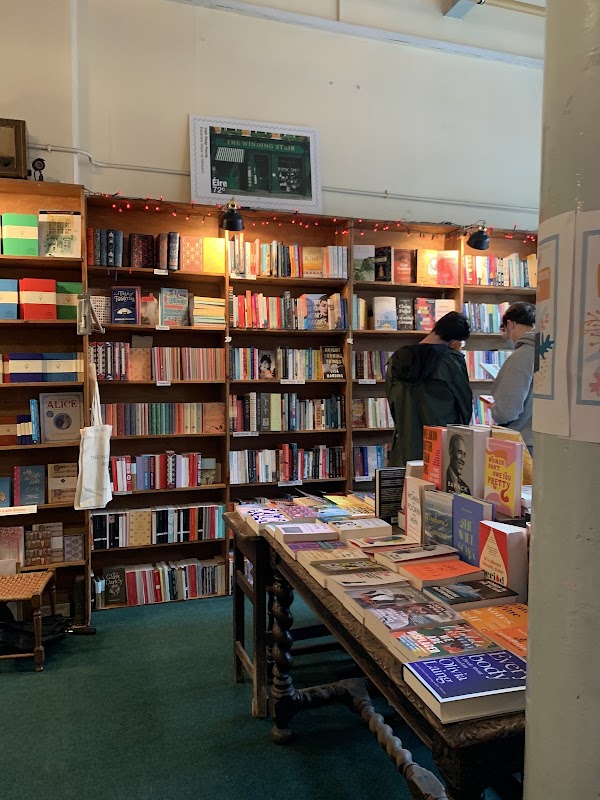 Winding Stair Bookshop 3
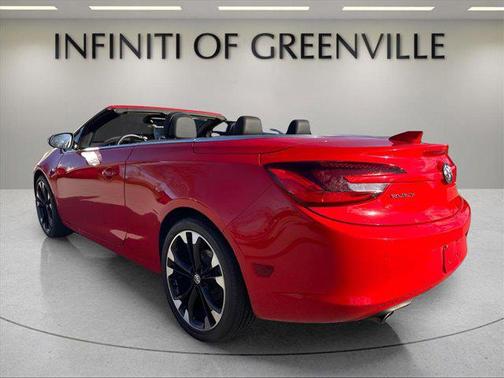 2018 Buick Cascada Sport Touring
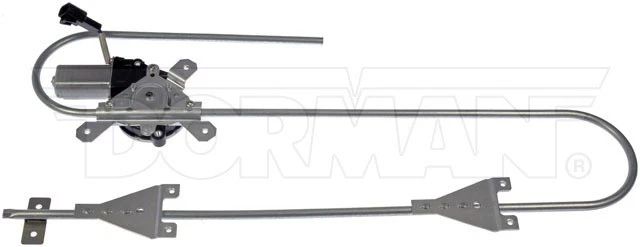 Regulador de ventana y conjunto de motor Dorman 741-5403 HD se adapta a modelos Kenworth Foto 2 de 4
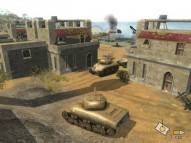 First Battalion  gameplay screenshot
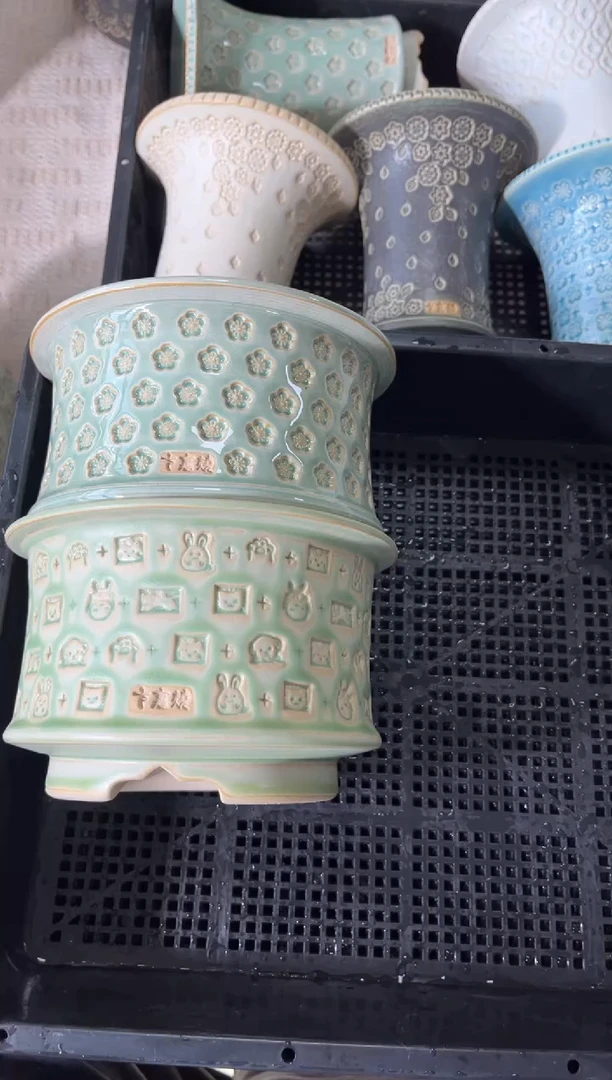 七里烧默认瑕12-14-090-2个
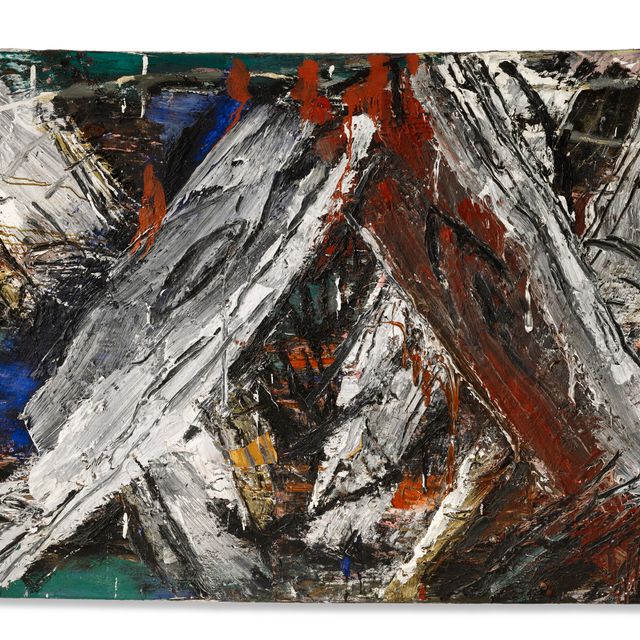Anselm Kiefer — Урд, Верданди, Скульд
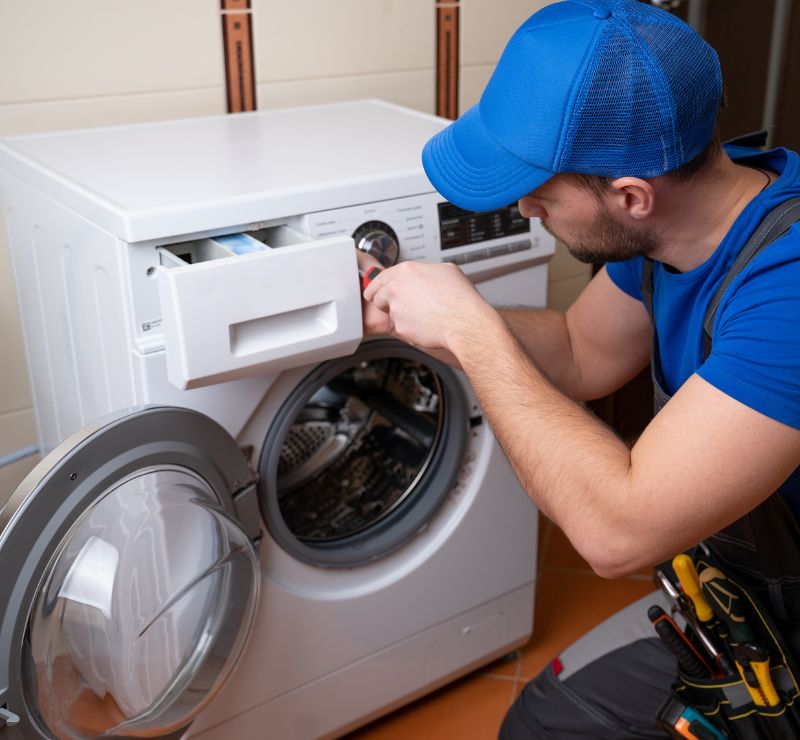 Washer Repair Service in Leslieville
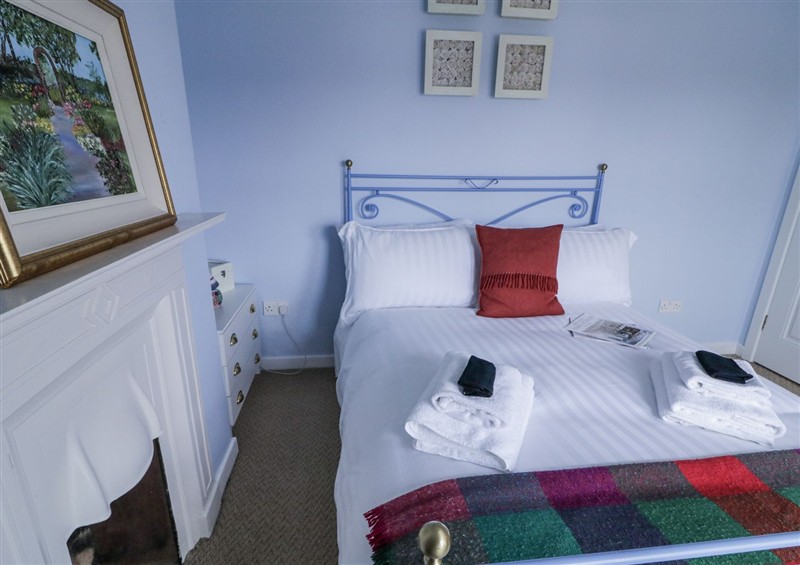 Bedroom at The Burma, Letterkenny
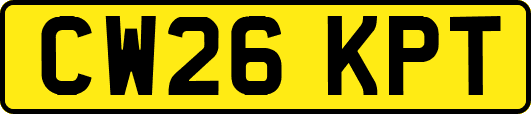CW26KPT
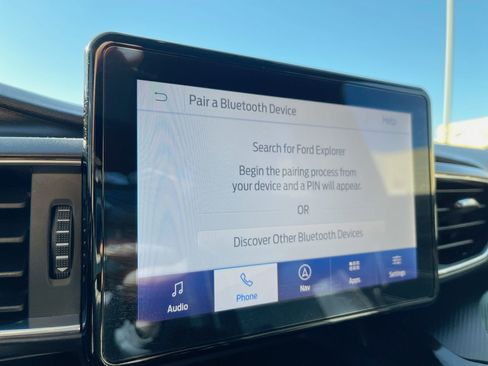 Used 2022 Ford Explorer ST w/ Equipment Group 401A image 40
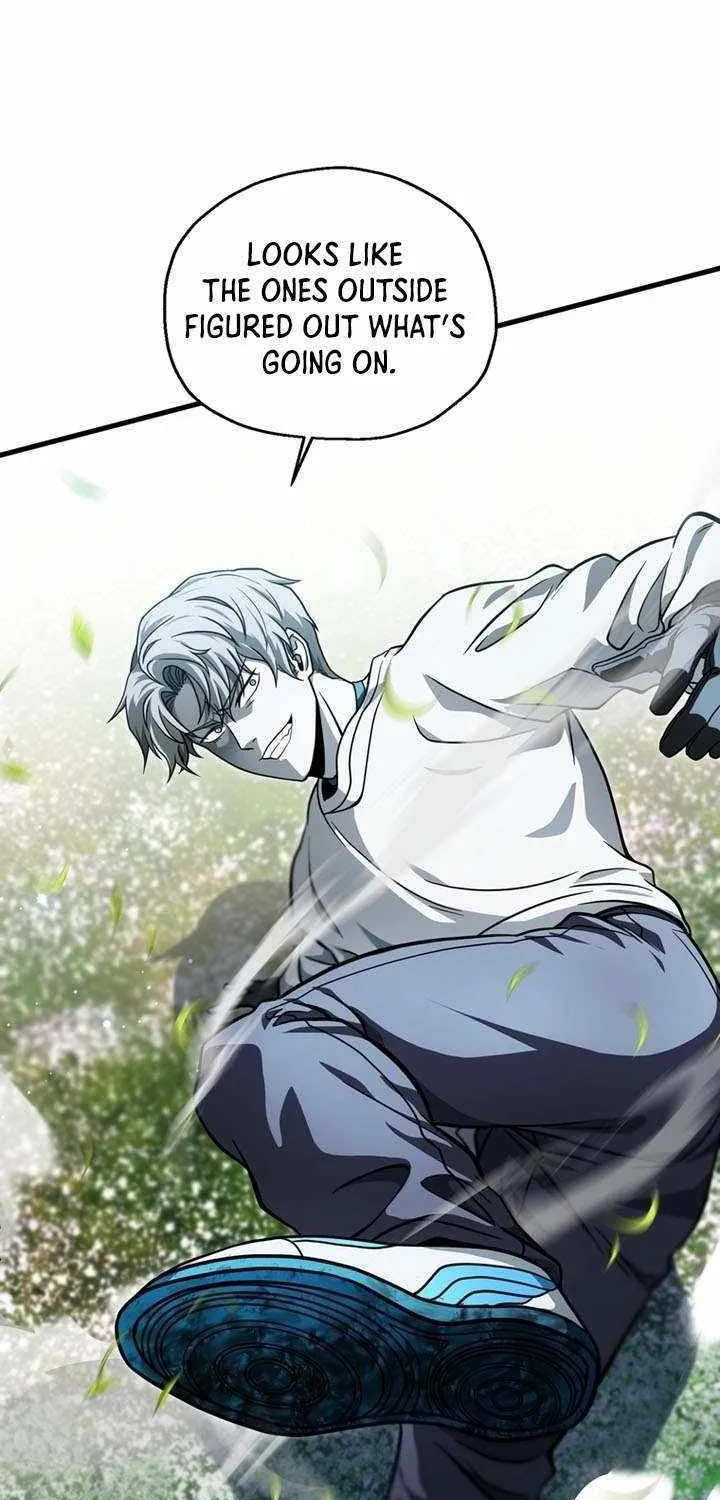 Player Who Can’t Level Up Chapter 184 page 33 - 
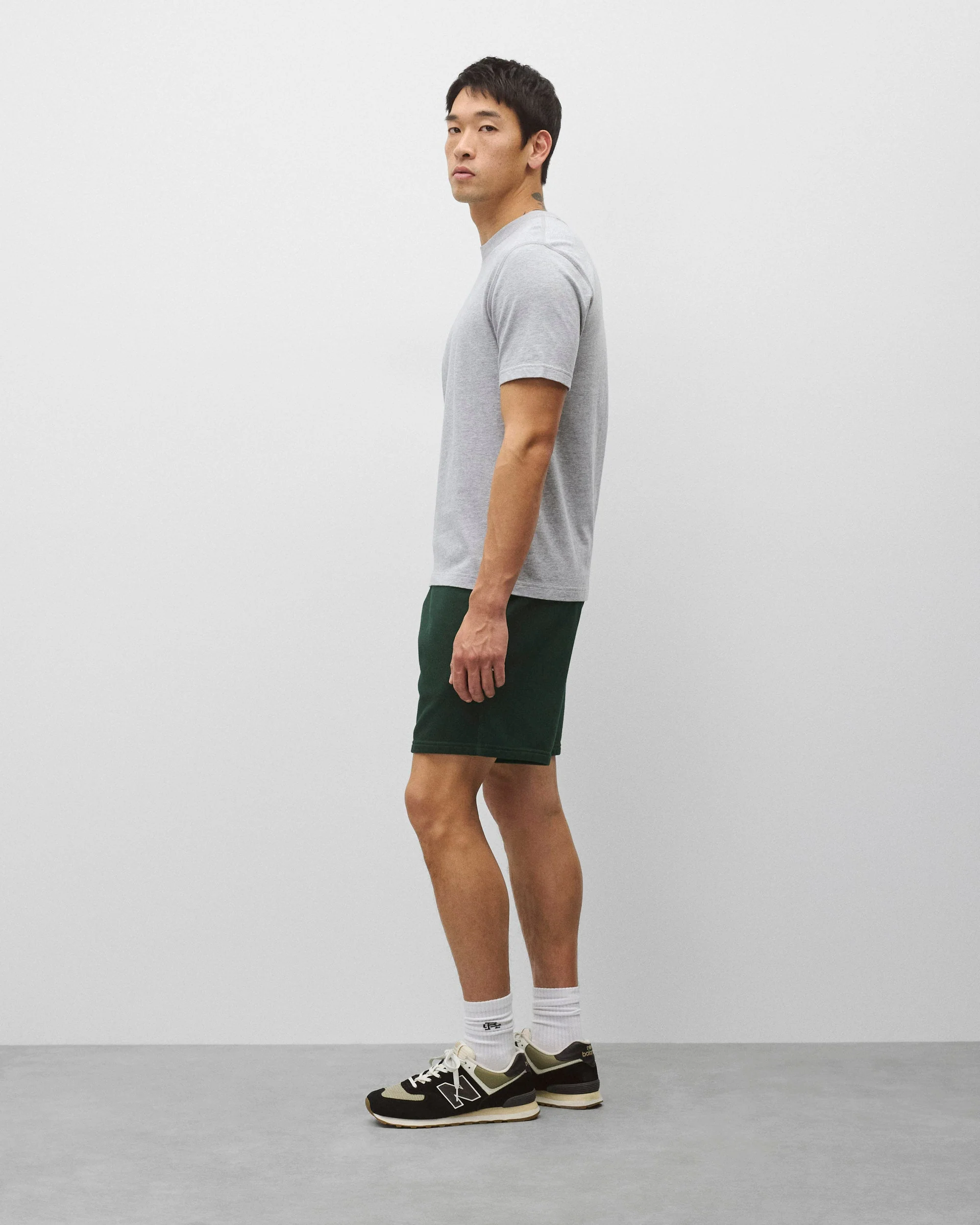 Midweight Jersey Standard T-Shirt - Image 4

Problem details »
The lines wanted run from the one with "Bedroom at The Burma, Letterkenny" through the final line of the data; repeat them word for word and skip every picture.

Answer box »
 Bedroom at The Burma, Letterkenny
CW26KPT
 Used 2022 Ford Explorer ST w/ Equipment Group 401A image 40
 Player Who Can’t Level Up Chapter 184 page 33 - 
 Midweight Jersey Standard T-Shirt - Image 4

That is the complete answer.